Then add a confidence rating (High/Medium/Low) and a time horizon (0-6 months, 6-18 months, 18+ months). This prevents “future threats” from hijacking near-term planning.
If your SWOT touches AI capabilities, be disciplined about tradeoffs. “AI will automate support” is not an opportunity. It’s a hypothesis. Write it as: “Opportunity: automate 30% of repetitive tickets using AI triage within 6 months; Proof: ticket taxonomy shows 42% are repetitive.” If you need a structured way to capture both upside and downside, a quick “pros and cons of AI” snapshot helps, but don’t stop there. Push it into consequences: failure modes, compliance risk, and quality drift. (This is also where “artificial intelligence pros and cons” lists are too shallow unless you tie them to your specific workflow and constraints.)
Turn your SWOT into decisions: prioritization, scenarios, and an options board
A SWOT is only useful if it changes what you do next week. The bridge is prioritization and scenario analysis, then translating each item into options with consequences.
First, prioritize. I prefer a simple impact vs effort matrix for the first pass, then a decision-making matrix when stakes are high. The impact vs effort pass is fast: it highlights quick wins and reveals what’s deceptively expensive. The decision-making matrix is where you assign weights (revenue impact, risk reduction, time-to-value, strategic fit) and score options consistently.

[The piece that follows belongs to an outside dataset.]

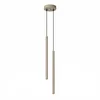 Sollux SL.2118 - Luster na sajli PASTELO 2xG9/8W/230V taupe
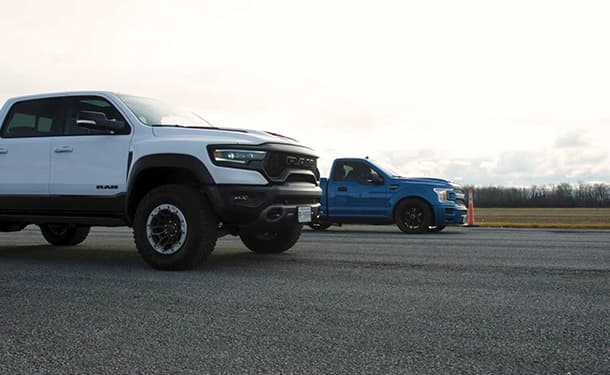 شيلبي F-150 ورام TRX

If you want a deeper framework for choosing which method fits your situation, how to choose a decision framework for your team pairs well with SWOT because it prevents you from using SWOT as a hammer for every nail.
Next, run a light scenario analysis on the top 2 opportunities and top 2 threats. Not a 30-slide deck. Two scenarios per item: “If this accelerates” vs “If this stalls.” Write one sentence each describing what changes in your operating plan.
Finally, convert each prioritized SWOT item into an options board. This is the step most teams skip, and it’s why SWOTs die in folders.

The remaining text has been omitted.